Only the lines that contain the string "Towel" belong in the answer; pull them from the records.

Web page caption snippets:
####################

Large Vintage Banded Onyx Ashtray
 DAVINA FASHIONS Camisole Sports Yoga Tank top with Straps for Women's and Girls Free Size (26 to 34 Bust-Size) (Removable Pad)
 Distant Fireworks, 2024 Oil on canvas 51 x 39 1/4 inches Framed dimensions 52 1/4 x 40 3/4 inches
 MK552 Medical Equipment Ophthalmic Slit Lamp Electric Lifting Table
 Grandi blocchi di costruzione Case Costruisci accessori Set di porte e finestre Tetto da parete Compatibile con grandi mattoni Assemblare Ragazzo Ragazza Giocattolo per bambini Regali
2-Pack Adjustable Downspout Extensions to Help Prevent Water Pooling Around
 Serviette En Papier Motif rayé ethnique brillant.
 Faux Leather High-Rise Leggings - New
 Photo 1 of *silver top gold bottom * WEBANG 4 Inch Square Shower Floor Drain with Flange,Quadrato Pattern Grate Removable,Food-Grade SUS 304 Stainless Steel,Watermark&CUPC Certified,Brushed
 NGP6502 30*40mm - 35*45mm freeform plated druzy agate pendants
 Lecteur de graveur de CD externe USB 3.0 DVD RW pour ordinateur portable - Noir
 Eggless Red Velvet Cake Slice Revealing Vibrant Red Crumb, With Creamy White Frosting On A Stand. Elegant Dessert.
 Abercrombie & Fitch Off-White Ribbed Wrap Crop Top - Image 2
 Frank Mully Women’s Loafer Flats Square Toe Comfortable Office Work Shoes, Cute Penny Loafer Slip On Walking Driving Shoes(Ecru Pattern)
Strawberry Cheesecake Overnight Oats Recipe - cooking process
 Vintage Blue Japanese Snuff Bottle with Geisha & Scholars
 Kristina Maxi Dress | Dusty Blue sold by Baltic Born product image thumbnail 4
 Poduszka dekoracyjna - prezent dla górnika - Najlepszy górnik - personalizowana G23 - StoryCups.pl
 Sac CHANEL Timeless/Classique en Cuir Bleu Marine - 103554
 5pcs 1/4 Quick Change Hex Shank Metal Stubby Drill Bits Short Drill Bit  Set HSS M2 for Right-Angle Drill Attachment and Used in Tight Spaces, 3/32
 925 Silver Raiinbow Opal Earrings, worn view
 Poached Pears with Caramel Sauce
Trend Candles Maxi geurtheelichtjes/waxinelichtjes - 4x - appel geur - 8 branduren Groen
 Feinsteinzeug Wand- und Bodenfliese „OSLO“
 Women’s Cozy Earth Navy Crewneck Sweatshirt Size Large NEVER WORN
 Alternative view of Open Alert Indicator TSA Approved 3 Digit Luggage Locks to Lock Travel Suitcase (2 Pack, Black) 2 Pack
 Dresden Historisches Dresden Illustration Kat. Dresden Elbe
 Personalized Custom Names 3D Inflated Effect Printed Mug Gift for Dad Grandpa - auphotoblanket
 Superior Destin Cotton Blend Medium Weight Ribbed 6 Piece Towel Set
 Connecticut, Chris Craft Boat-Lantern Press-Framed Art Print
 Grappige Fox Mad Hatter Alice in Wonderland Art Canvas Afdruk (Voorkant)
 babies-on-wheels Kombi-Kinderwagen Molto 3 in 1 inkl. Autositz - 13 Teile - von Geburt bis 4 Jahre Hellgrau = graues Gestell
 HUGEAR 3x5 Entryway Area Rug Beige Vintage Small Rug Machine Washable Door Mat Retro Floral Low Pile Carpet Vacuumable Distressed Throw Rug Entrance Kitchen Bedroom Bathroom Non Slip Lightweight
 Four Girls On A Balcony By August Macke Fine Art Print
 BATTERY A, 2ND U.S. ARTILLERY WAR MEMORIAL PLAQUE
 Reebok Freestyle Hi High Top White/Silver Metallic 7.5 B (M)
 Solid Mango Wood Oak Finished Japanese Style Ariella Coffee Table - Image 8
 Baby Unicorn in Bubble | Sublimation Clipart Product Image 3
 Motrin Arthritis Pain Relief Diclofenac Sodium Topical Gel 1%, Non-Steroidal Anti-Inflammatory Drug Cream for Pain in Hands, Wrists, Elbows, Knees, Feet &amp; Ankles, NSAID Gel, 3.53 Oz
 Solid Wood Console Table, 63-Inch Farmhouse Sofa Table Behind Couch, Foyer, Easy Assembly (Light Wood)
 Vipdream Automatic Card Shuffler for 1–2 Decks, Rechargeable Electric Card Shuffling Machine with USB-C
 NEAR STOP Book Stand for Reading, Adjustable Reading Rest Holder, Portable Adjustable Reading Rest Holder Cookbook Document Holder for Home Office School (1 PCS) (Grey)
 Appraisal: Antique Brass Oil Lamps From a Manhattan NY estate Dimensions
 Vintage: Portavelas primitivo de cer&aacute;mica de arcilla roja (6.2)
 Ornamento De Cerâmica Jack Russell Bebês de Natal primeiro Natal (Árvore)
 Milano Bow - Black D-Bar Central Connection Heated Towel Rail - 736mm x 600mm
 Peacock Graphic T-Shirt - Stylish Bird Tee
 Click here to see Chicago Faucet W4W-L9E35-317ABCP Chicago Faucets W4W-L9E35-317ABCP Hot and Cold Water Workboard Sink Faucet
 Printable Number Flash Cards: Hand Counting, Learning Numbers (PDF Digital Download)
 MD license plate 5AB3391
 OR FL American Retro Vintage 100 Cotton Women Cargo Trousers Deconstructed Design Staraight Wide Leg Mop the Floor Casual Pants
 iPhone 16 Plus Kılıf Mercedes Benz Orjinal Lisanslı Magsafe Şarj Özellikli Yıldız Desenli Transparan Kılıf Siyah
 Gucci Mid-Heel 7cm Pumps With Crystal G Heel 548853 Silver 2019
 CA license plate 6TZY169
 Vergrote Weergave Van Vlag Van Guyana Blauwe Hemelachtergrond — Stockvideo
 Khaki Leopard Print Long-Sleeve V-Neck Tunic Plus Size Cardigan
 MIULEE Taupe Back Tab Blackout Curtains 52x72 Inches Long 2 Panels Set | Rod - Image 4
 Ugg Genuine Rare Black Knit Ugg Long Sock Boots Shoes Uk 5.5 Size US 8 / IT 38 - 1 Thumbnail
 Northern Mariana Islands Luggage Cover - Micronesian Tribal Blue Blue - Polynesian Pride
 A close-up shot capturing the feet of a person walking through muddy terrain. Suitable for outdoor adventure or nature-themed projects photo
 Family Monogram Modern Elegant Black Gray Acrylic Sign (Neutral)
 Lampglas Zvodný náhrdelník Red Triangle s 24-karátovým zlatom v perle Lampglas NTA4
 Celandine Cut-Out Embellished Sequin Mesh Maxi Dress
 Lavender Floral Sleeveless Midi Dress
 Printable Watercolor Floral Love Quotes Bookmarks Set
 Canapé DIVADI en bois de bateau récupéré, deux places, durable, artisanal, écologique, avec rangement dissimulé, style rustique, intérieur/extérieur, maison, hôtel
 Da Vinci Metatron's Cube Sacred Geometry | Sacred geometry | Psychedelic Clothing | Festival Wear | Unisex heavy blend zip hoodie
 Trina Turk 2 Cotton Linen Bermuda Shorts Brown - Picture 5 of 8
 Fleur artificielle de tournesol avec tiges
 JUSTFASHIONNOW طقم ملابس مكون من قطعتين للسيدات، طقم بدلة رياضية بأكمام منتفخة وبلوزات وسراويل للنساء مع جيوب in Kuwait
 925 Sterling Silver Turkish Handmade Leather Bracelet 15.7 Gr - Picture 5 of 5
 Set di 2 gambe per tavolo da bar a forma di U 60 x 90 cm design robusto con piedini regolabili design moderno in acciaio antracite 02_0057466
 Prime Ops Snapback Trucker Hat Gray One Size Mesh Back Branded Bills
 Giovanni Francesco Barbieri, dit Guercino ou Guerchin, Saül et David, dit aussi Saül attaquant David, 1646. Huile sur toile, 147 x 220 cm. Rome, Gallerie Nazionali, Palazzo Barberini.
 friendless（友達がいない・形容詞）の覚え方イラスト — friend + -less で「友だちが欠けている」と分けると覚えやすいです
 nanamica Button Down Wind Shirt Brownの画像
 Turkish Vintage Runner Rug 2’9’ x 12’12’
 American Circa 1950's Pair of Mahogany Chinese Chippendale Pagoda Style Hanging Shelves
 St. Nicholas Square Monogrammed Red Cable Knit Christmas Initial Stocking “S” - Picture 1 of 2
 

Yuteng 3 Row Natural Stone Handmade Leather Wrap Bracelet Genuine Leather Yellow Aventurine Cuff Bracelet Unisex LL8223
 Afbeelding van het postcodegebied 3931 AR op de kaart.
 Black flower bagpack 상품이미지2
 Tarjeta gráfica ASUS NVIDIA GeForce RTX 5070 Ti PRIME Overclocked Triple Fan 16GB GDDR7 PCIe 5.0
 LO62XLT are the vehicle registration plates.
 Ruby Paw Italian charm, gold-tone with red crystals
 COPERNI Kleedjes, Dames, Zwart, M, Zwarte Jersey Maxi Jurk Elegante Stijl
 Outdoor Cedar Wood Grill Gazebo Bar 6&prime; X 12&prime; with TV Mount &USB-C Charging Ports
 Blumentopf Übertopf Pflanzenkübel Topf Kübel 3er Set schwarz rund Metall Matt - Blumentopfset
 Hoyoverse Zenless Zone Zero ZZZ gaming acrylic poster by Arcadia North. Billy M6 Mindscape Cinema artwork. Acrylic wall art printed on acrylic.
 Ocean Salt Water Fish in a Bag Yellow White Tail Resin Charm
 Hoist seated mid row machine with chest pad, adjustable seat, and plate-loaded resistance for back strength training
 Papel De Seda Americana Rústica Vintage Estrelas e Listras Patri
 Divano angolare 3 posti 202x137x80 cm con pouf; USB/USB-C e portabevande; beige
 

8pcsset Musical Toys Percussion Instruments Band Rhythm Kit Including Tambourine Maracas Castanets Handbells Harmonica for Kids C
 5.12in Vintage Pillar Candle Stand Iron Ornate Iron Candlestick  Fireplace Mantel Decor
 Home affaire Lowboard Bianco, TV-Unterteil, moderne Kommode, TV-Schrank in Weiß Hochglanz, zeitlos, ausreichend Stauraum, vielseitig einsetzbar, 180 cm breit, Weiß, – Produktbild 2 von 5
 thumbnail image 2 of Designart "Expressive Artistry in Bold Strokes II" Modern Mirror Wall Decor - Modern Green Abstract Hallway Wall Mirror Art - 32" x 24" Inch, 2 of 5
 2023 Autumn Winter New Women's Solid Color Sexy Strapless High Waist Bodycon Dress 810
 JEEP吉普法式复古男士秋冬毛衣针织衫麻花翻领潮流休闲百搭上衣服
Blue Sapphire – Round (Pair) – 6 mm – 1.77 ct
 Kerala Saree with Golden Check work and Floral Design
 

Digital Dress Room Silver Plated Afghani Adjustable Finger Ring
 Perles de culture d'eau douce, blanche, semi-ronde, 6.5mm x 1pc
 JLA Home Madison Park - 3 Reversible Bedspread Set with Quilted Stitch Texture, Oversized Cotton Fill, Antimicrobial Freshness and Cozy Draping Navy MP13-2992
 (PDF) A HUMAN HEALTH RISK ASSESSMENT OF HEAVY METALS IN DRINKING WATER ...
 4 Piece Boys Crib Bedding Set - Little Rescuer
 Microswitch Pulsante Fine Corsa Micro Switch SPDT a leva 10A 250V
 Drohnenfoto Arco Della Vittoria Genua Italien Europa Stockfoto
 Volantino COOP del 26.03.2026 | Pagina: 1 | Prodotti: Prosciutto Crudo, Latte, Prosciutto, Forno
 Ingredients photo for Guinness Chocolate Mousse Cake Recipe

####################

> Response:
 Superior Destin Cotton Blend Medium Weight Ribbed 6 Piece Towel Set
 Milano Bow - Black D-Bar Central Connection Heated Towel Rail - 736mm x 600mm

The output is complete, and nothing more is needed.